Upon arriving in the village of Árbær, I was amused by the men and women dressed in historical attire, toiling at tasks around the farm. But after an hour, I no longer registered their presence. And as the day progressed, I found myself worrying about the impending harvest back home. Would old Betsy survive another winter? Say, that’s a fetching wench. I wonder whither she brings that bucket of mead, and what her dowry may be. And then my cellphone rang, snapping me back into reality.
Found atop a hill overlooking Reykjavík, Árbær was once a real farm. But today it’s been converted into the Árbæjarsafn Open Air Museum, which aims to recreate an authentic historical setting. We joined a free tour of the grounds, led by a woman dressed as a comely maiden of days past. She told us about the history of the farm, while showing us into the minuscule house where over a dozen family members lived. We saw the the stable, the kitchen, the bedrooms, the toys the children would play with, and the tools their parents would use to knit.

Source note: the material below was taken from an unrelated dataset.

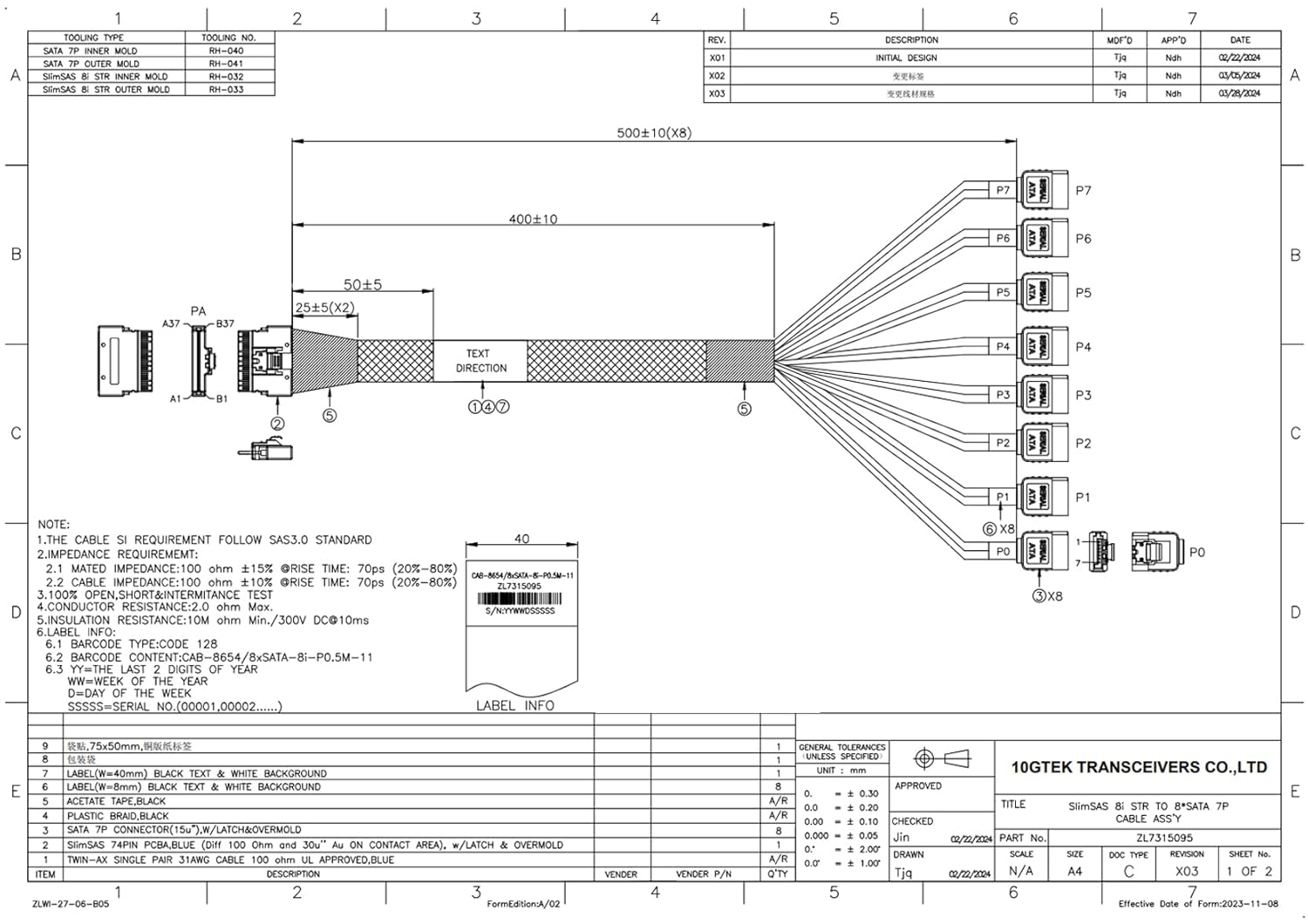 10Gtek SlimSAS 8i to 8xSATA Cable, SFF-8654 Host/RAID to SATA Target, Suitable for Servers, Hard Drives, Computers, and Hosts, 1m(3.3ft), 2-Pack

And we saw people actually knitting. One of the coolest things about this museum is its large staff, who are there not only to help visitors, but to contribute to the historical ambiance. Passing by a house, you might see a bearded fellow on the porch working on a half-made sock. You’ll see girls tending the sheep, and others just hanging out having a chat.
Árbæjarsafn is a neat place, and does a wonderful job of conveying a sense of the past. For obvious reasons, it’s a little outside of the city center, but not hard to reach by bus, and completely worth the effort.